On Saturday, 18 April 2015 at 16:01:20 UTC, Andrei Alexandrescu
wrote:
On 4/18/15 4:35 AM, Jacob Carlborg wrote:
On 2015-04-18 12:27, Walter Bright wrote:
That doesn't make sense to me, because the umlauts and the
accented e
all have Unicode code point assignments.
This code snippet demonstrates the problem:
import std.stdio;
void main ()
{
dstring a = "e\u0301";
dstring b = "é";
assert(a != b);
assert(a.length == 2);
assert(b.length == 1);
writefln(a, " ", b);
}
If you run the above code all asserts should pass. If your
system
correctly supports Unicode (works on OS X 10.10) the two
printed
characters should look exactly the same.
\u0301 is the "combining acute accent" [1].
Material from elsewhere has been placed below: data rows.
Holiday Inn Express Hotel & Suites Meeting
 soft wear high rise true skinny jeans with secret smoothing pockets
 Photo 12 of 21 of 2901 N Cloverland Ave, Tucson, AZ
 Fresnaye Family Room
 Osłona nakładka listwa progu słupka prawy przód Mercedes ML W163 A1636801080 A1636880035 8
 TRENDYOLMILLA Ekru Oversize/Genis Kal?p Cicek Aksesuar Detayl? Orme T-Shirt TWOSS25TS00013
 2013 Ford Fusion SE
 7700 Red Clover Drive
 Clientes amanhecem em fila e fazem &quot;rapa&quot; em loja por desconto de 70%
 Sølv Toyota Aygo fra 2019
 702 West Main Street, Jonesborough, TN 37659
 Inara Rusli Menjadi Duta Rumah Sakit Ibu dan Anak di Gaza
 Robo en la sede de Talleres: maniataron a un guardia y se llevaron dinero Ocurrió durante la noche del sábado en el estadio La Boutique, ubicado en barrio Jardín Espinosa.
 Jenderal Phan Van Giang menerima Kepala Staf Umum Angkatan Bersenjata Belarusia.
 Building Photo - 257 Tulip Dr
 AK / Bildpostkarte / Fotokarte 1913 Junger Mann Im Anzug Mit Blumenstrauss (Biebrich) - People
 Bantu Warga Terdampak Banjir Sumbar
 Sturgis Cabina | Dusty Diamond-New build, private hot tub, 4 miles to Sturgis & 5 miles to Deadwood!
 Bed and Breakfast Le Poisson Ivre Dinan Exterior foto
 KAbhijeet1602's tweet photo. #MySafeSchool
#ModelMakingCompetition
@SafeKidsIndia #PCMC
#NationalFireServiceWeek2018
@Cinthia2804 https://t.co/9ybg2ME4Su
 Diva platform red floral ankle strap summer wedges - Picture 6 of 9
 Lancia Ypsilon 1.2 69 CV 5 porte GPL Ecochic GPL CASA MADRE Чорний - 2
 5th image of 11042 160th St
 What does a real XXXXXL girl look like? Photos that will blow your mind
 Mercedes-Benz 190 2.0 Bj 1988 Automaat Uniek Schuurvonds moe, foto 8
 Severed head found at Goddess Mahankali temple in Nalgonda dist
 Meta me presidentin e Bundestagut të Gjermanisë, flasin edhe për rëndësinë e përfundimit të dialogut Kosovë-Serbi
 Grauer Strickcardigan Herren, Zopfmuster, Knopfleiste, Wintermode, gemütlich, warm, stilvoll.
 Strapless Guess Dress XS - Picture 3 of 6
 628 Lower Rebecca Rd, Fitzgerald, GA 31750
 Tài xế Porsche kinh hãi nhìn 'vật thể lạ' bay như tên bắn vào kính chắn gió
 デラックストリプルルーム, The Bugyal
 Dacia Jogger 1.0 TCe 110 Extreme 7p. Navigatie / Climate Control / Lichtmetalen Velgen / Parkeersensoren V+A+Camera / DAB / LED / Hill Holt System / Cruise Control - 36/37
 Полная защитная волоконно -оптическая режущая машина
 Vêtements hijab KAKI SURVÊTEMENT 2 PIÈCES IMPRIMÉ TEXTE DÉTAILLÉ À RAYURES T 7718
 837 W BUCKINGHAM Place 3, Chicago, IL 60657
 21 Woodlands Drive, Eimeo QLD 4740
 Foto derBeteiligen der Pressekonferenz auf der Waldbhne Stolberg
[1] http://www.fileformat.info/info/unicode/char/0301/index.htm
Isn't this solved commonly with a normalization pass? We should
have a normalizeUTF() that can be inserted in a pipeline. Then
the rest of Phobos doesn't need to mind these combining
characters. -- Andrei
Normalisation can allow some simplifications, sometimes, but
knowing whether it will or not requires a lot of a priori
knowledge about the input as well as the normalisation form.